■ EXERCISE REQUIREMENTS ■
Every entry below should come back unchanged, except that the pictures are dropped.

::::::::::

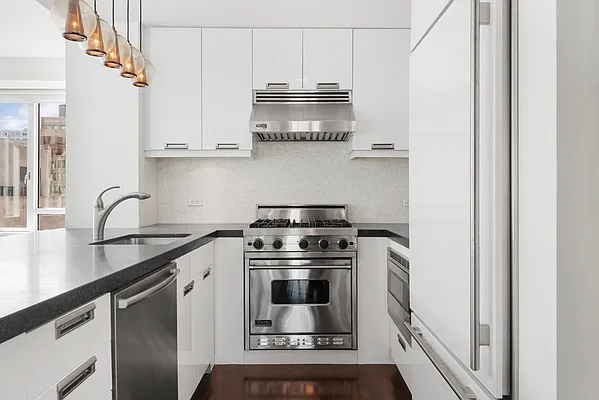 Sold by Compass | media 4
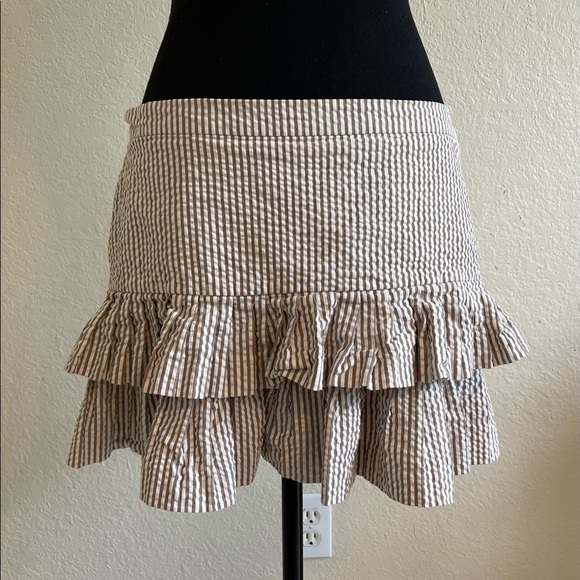 Cute BCBGMAXAZRIA Beige And White Striped Pleated Mini Skirt Size 8 - - Picture 3 of 7
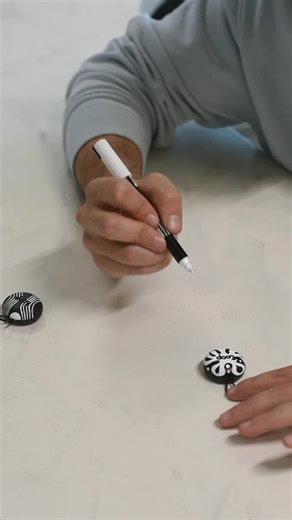 1.9K views · 26 reactions | This DIY really glows!  Make your Loops extra recognisable during your night out with our DIY. Just splash on some glow-in-the-dark paint & never lose track of your Loops again! | Loop | Facebook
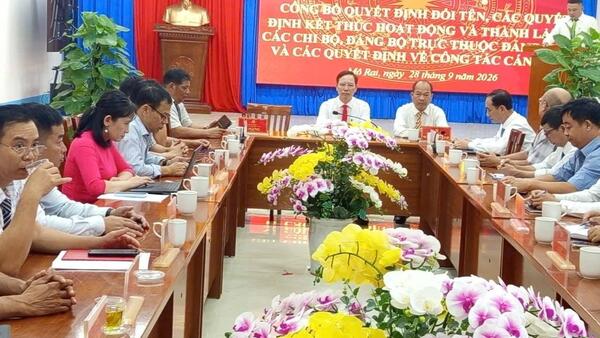 HỘI NGHỊ CÔNG BỐ QUYẾT ĐỊNH ĐỔI TÊN, CÁC QUYẾT ĐỊNH KẾT THÚC HOẠT ĐỘNG VÀ THÀNH LẬP CÁC CHI BỘ, ĐẢNG BỘ TRỰC THUỘC ĐẢNG UỶ VÀCÁC QUYẾT ĐỊNH VỀ CÔNG TÁC CÁN BỘ TRÊN ĐỊA BÀN XÃ MÔ RAI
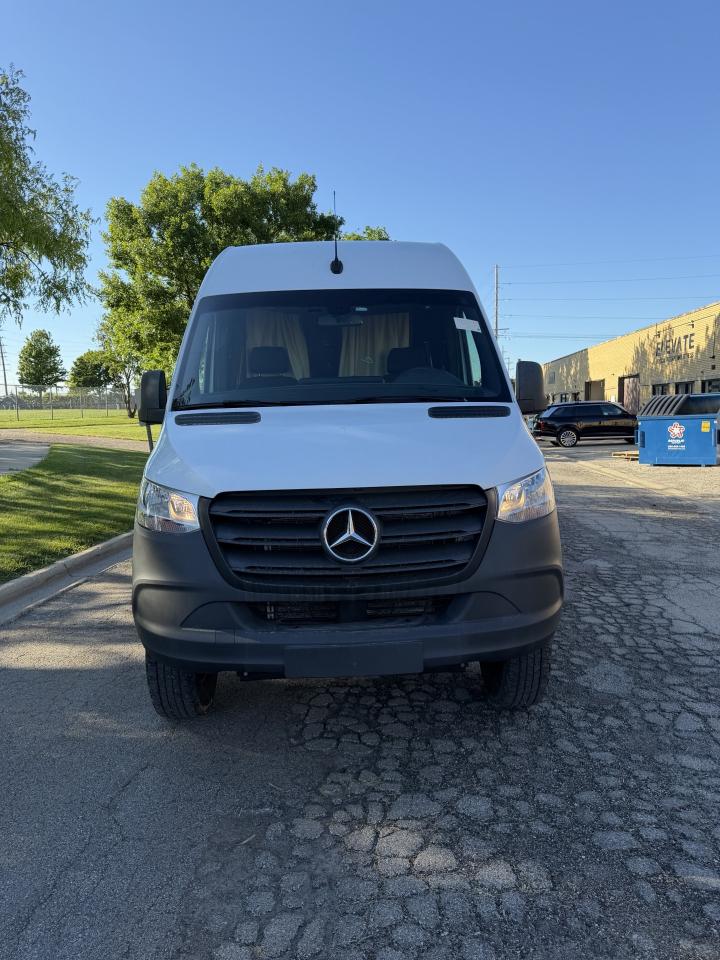 Mercedes-Benz Sprinter 2500 170-in. WB 2023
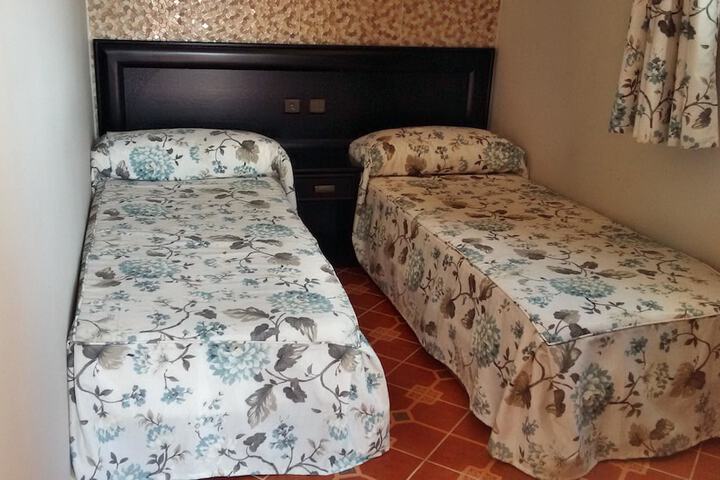 Room 4 of 21
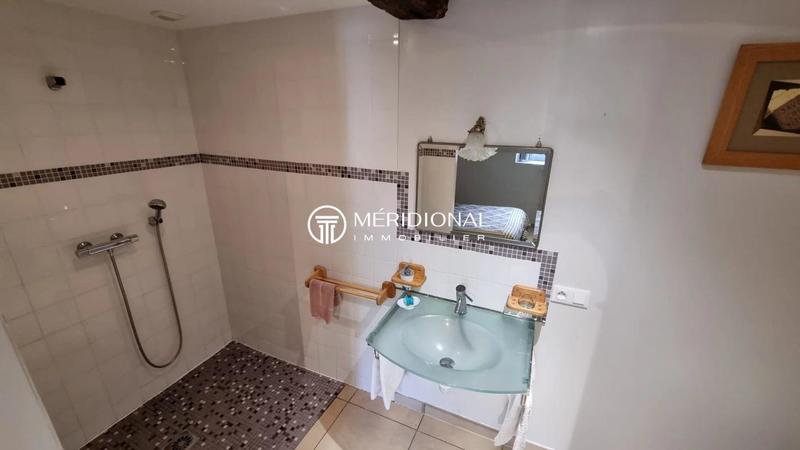 Maison - 648 m² - 22 pièces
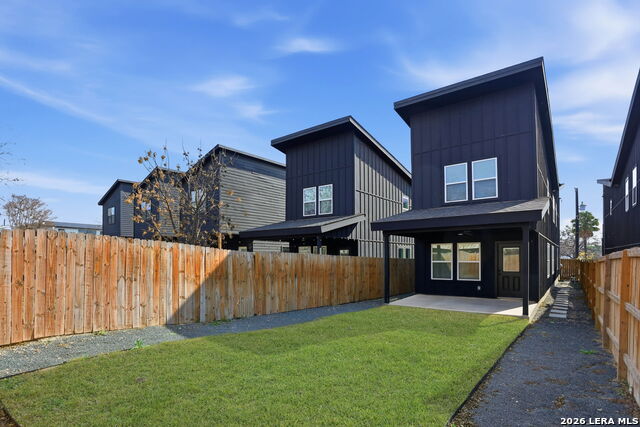 Image 31 of 40 For 317 Porter St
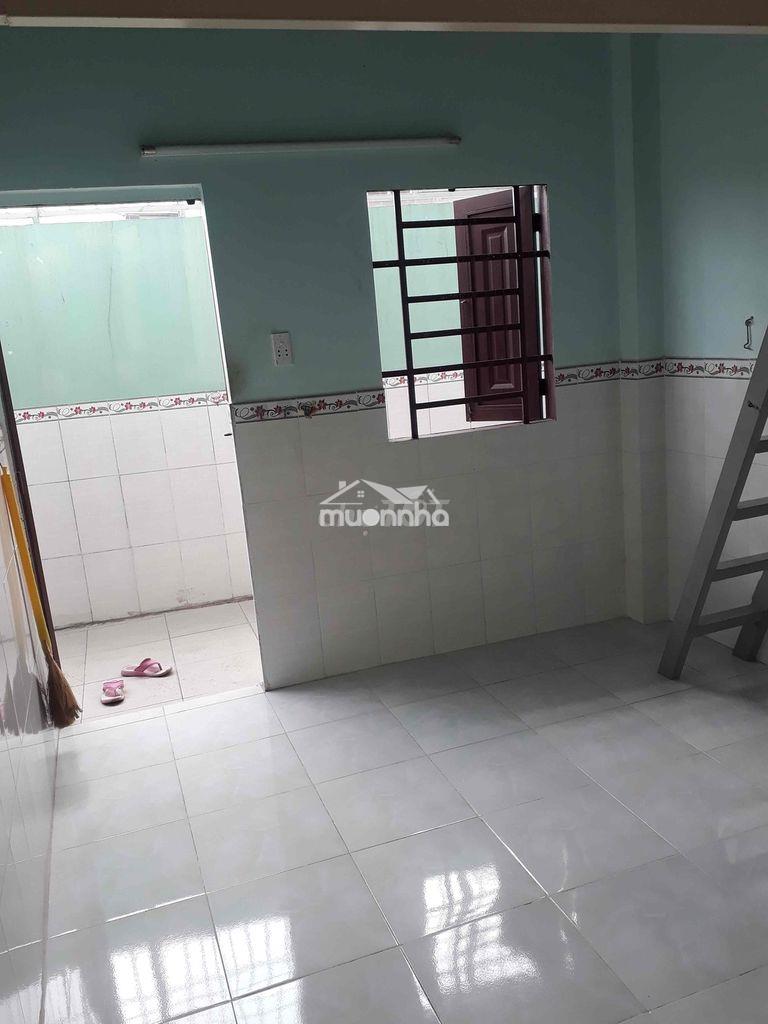 Phòng trọ quận 4 gần đh nguyễn tất thành - 3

::::::::::

■ RESPONSE FOR THIS EXERCISE ■
 Sold by Compass | media 4
 Cute BCBGMAXAZRIA Beige And White Striped Pleated Mini Skirt Size 8 - - Picture 3 of 7
 1.9K views · 26 reactions | This DIY really glows!  Make your Loops extra recognisable during your night out with our DIY. Just splash on some glow-in-the-dark paint & never lose track of your Loops again! | Loop | Facebook
 HỘI NGHỊ CÔNG BỐ QUYẾT ĐỊNH ĐỔI TÊN, CÁC QUYẾT ĐỊNH KẾT THÚC HOẠT ĐỘNG VÀ THÀNH LẬP CÁC CHI BỘ, ĐẢNG BỘ TRỰC THUỘC ĐẢNG UỶ VÀCÁC QUYẾT ĐỊNH VỀ CÔNG TÁC CÁN BỘ TRÊN ĐỊA BÀN XÃ MÔ RAI
 Mercedes-Benz Sprinter 2500 170-in. WB 2023
 Room 4 of 21
 Maison - 648 m² - 22 pièces
 Image 31 of 40 For 317 Porter St
 Phòng trọ quận 4 gần đh nguyễn tất thành - 3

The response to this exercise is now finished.